There is a tremendous amount of legal advice issues for start-ups to consider in their first 100 days; from establishing a company and brand, to preparing to sell new products or services and employing staff to help the business succeed. Navigating a tangled web of legal considerations with limited or no legal experience, increases the risk that problems crop up in the future. It’s therefore crucial to get things right, or it may be costly.
At the beginning it’s advisable to limit your liability to protect your exposure to any personal financial risk. It’s achieved by establishing a separate legal personality to the founders; the most commonly used vehicle for start-ups is a private limited company. Head to Companies House and choose an available company name and register your company. You’ll need to adopt articles of association, which is the company’s internal ‘rule book’
Private limited companies need a least one person appointed as a director, and every director has certain duties imposed on them, which are owed to the company.
If there’s more than one founder, you should consider a shareholders’ agreement setting out the relationship between the shareholders and their respective rights and obligations. It should cover key matters, including the board composition and what happens if someone leaves.

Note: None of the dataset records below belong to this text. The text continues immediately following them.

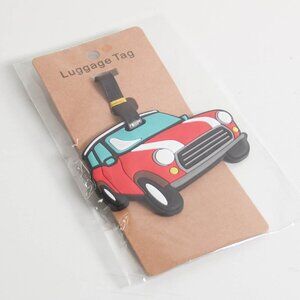 Red Car Luggage Tag | Vibrant 3D Travel Suitcase Accessory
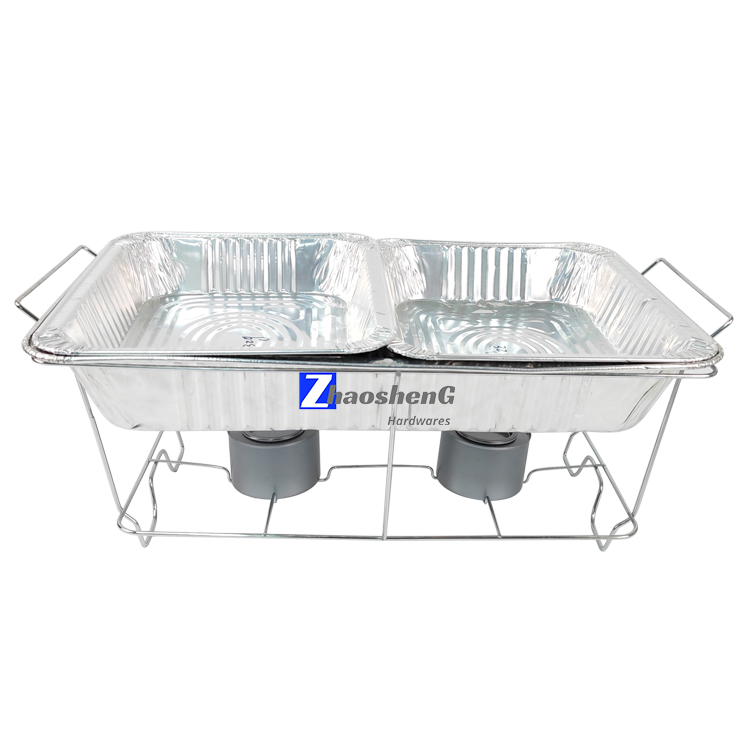 Hardware Zhaosheng - Cromo Buffet Buffet Alimentador Sirviendo plato de plato Ratch de alambre de alambre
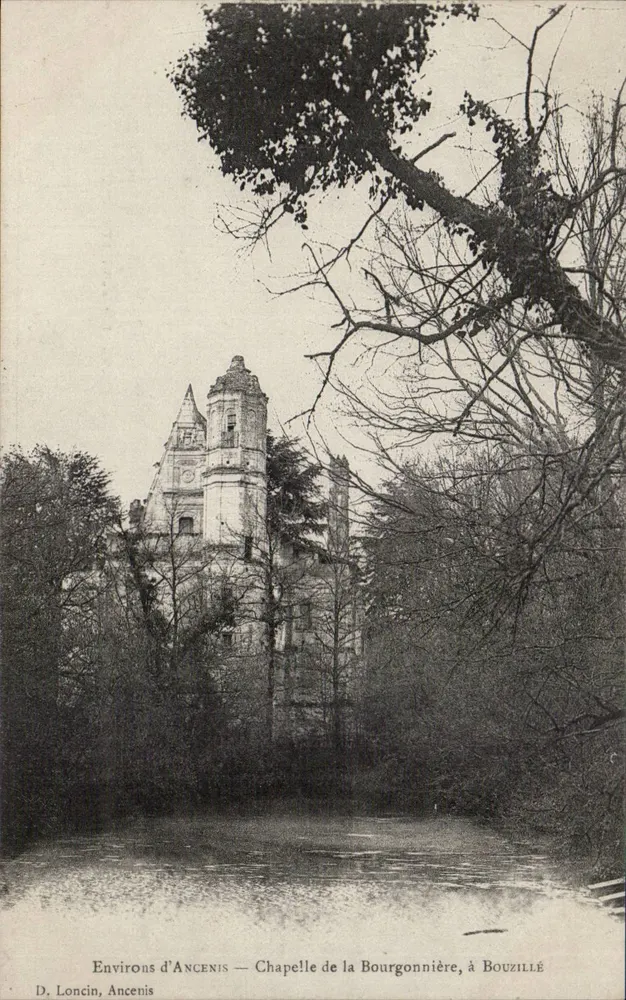Kapelle der Bourgonnière in Bouzillé — Umgebung von Ancenis — D. Loncin, Ancenis - Vorderseite
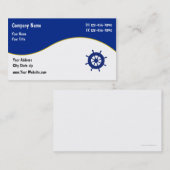 Bootfahrt-Visitenkarten Visitenkarte (Vorne/Hinten)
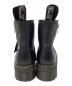 中古・古着 Dr.Martens (ドクターマーチン) RICK OWENS (リックオウエンス) 8ホールブーツ ブラック サイズ:9 1/2 UK 未使用品：60000円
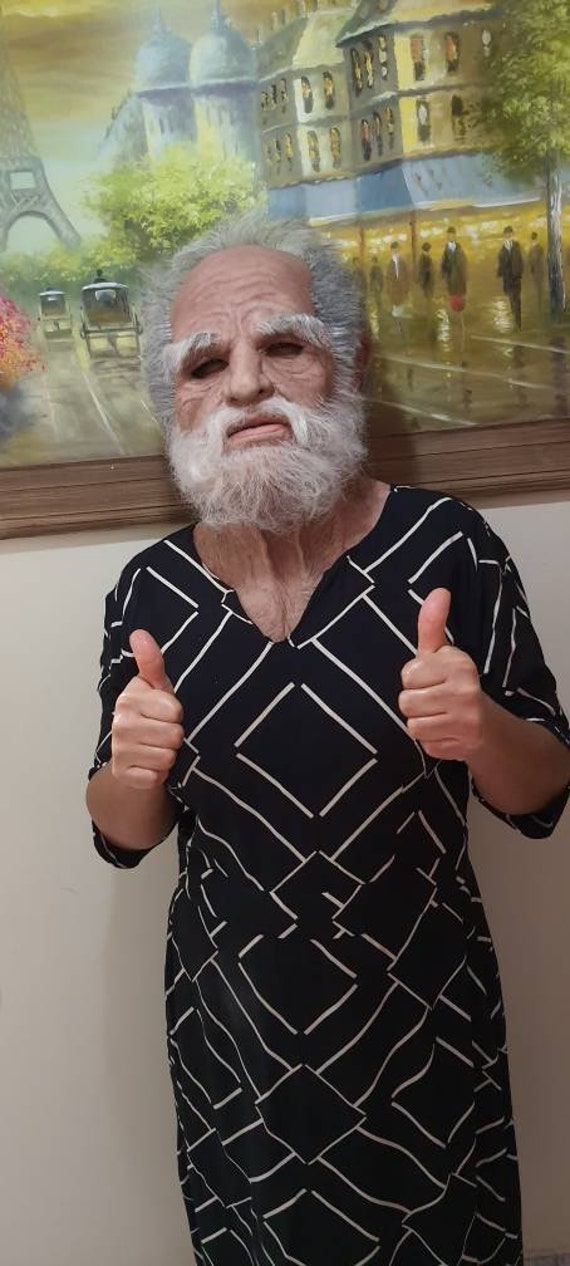 Máscara de látex realista Anciano -  España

Once your company is established, you may seek to raise additional equity from investors or provide financial incentives to key individuals in the company. One option is to issue shares, but before you do, you’ll need the approval of the board of directors. The directors will need to convene a board meeting and decide to issue the shares by a board resolution. Avoid falling foul of the law by filing forms relating to the share allotment, registering the new shareholders on the company’s register and issuing share certificates to them.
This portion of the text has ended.